5. Penyuara Marketing

Seorang digital marketer yang suka bersuara mampu diartikan selaku orang yang paling eksis di media umum. Salah satu media umum yang menjadi kegemarannya yaitu Twitter. Tipe ini gemar menggunakan hashtag dan bermacam-macam simbol atau emoticon unik yang lain untuk menarik minatpara pengguna media umum.

Baca Juga : Facebook vs Twitter, Manakah yang Baik Untuk Bisnis Anda

Rupanya kebiasaan si penyuara yang gemar memakai simbol dan hashtag cukup efektif, alasannya rate penjualan bisa berkembangsebesar 15% dengan penggunaan simbol atau 4.8% dengan menggunakan hashtag yang sempurna.

6. Jaman Dulu

Digital marketer yang jadul diketahui dengan sebutan old school ini condong lebih suka memakai media umum yang ketinggalan jaman mirip MySpace.
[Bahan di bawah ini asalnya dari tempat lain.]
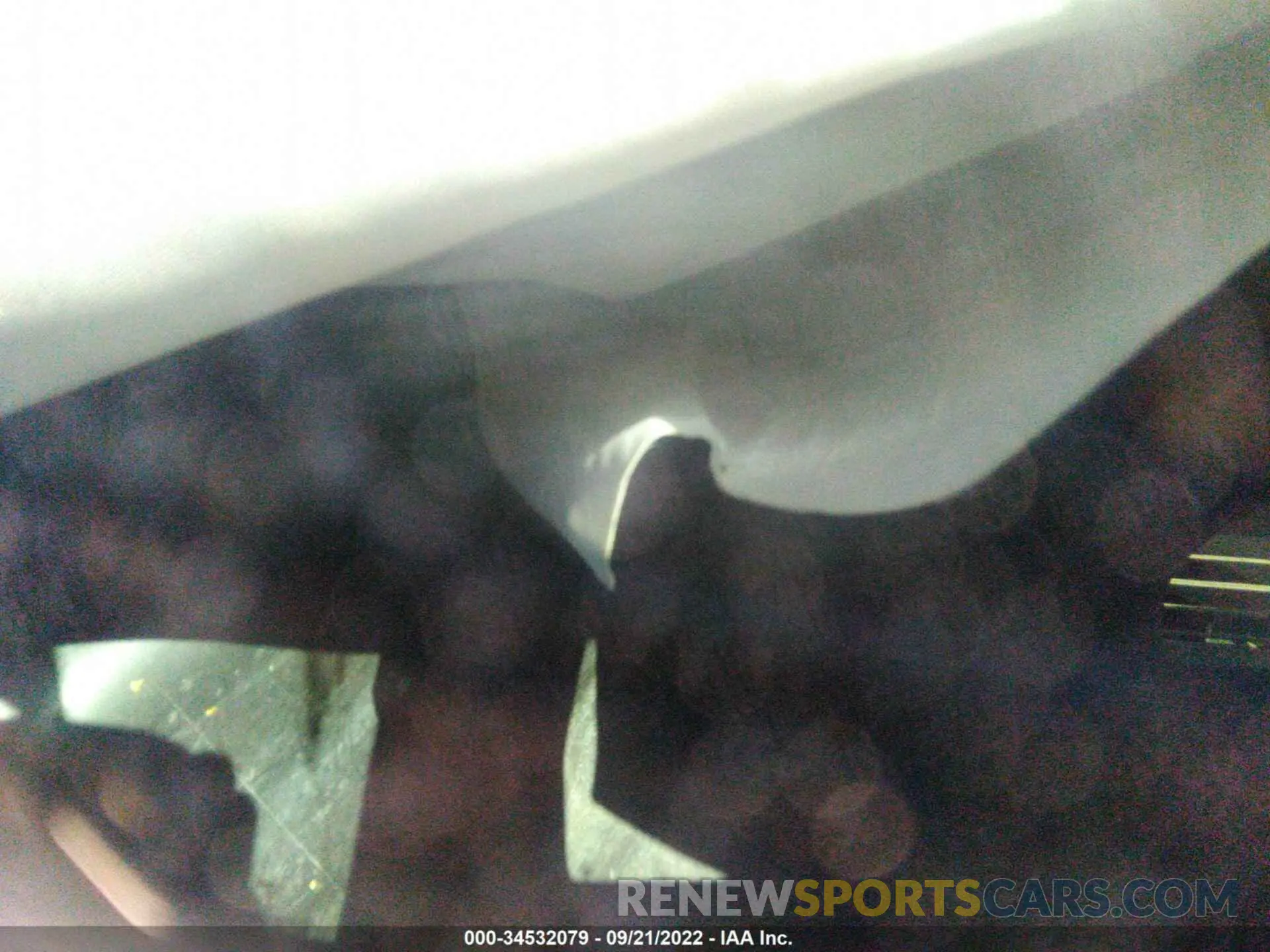 8 Photograph of a damaged car 5YJYGDEE0MF250887 TESLA MODEL Y 2021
Biasanya digital marketer yang satu ini, berasal dari kelompok usia 50 tahun ke atas. Wajar bila hal ini terjadi, mengenang cuma ada 1 dari 4 digital marketer yang berusia lebih dari 50 tahun.

Jika kita berusia lebih dari 50 tahun dan mempunyai passion di bidang internet marketer usahakan untuk selalu up to date dengan pertumbuhan teknologi supaya tidak ketinggalan jaman. Umumnya tipe yang satu ini lebih banyak menggabungkan dengan style marketing offline dalam usahanya.

7. Sarkastik yang Tajam

Digital marketer yang satu ini condong tidak menggemari penggunaan media umum. Biasanya digital marketer mirip ini lebih suka melaksanakan branding atau pemasaran dari blog pribadinya. Dengan demikian, tipe ini merasa mampu mengendalikan proses marketing yang dia lakukan lewat medianya sendiri.

Pertanyaannya, Apakah kita pernah berjumpa atau bahkan menjadi salah satu tipe digital marketer tersebut? Mulai kini, coba pelajari cara efektif untuk melakukan digital marketing agar tujuan dari proses marketing tersebut bisa tercapai secara efektif tanpa menganggu kepentingan para pengguna media sosial yang lain. Jangan jenuh atau malas untuk berguru bagaimana cara memakai internet yang benar ya!!

Semoga artikel ini memiliki kegunaan dan terima kasih atas kunjungan Anda.